Chunhui Guo, Hao Wu, Xiayu Hua, Shangping Ren, Jerzy Nogiec

Reliability, longevity, availability, and deadline guarantees are the four most important metrics to measure the QoS of long-running safety-critical real-time applications. Software aging is one of the major factors that impact the safety of long-running real-time applications as the degraded performance and increased failure rate caused by software aging can lead to deadline missing and catastrophic consequences. Software rejuvenation is one of the most commonly used approaches to handle issues caused by software aging. In this paper, we study the optimal time when software rejuvenation shall take place so that the system's reliability, longevity, and availability are maximized, and application delays caused by software rejuvenation is minimized.

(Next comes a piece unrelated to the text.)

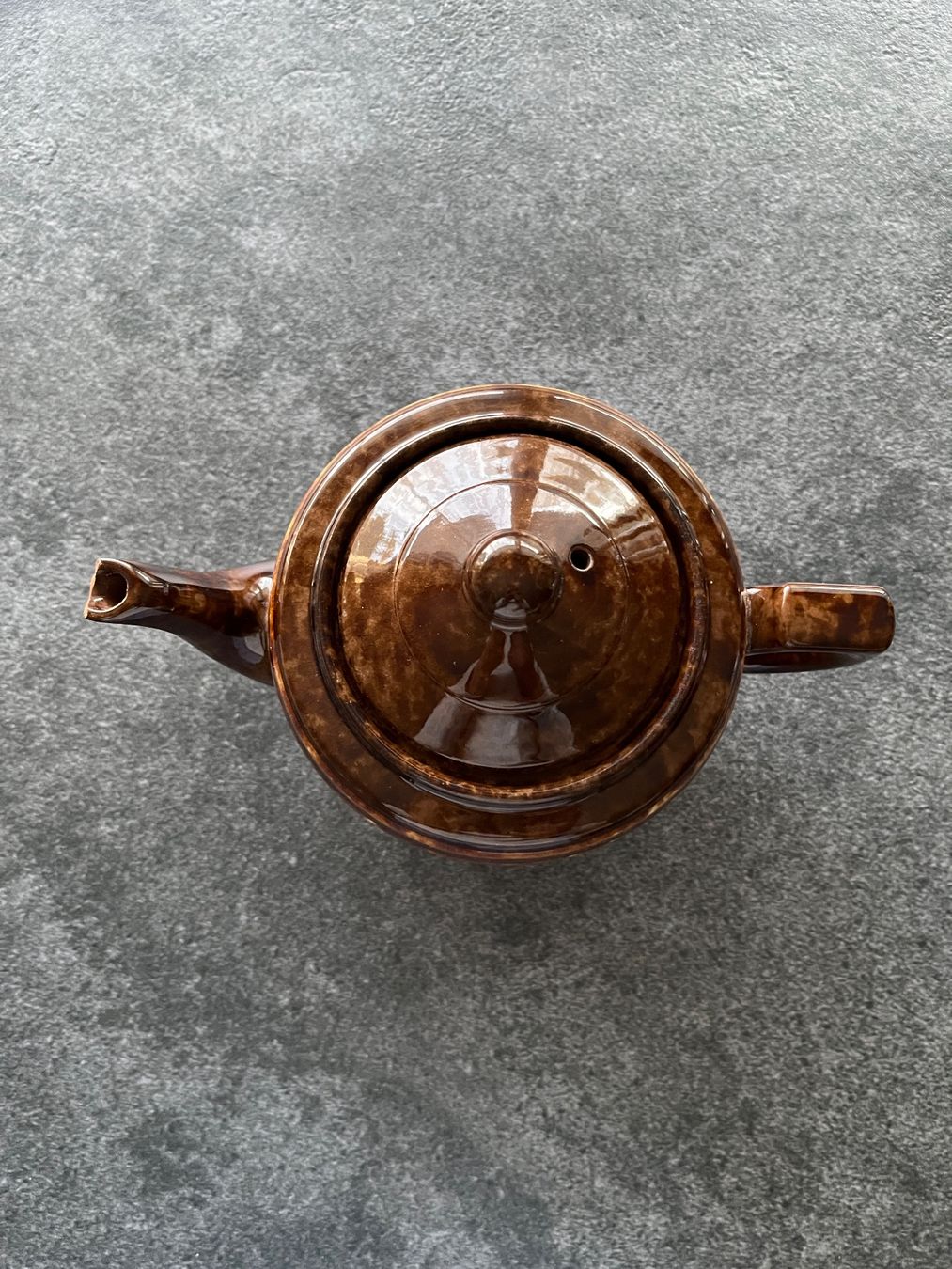 Teekannen: Teekanne in braun – Defekt aus Kilchberg ZH von Simple.Life 1
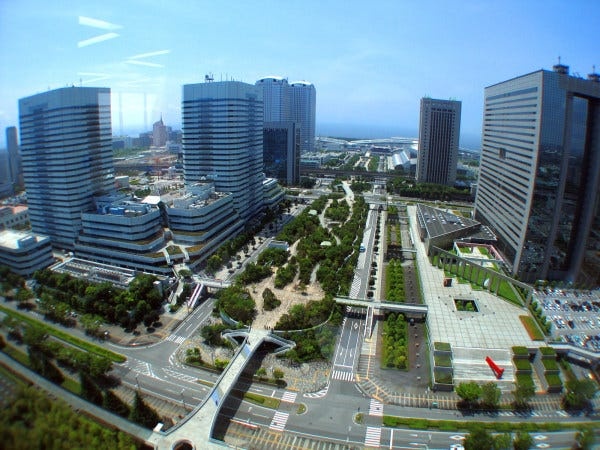 海が近いこともあり、夏は花火が見えたり、さらにはドラマ、CMの撮影も眺めたりすることも。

In particular, we formally analyze the relationships between software rejuvenation frequency and system reliability, longevity, and availability. Based on the theoretic analysis, we develop approaches to maximizing system reliability, longevity, and availability, and use simulation to evaluate the developed approaches. In addition, we design the MIN-DELAY semi-priority-driven scheduling algorithm to minimize application delays caused by rejuvenation processes. The simulation experiments show that the developed semi-priority-driven scheduling algorithm reduces application delays by 9.01% and 14.24% over the earliest deadline first (EDF) and least release time (LRT) scheduling algorithms, respectively.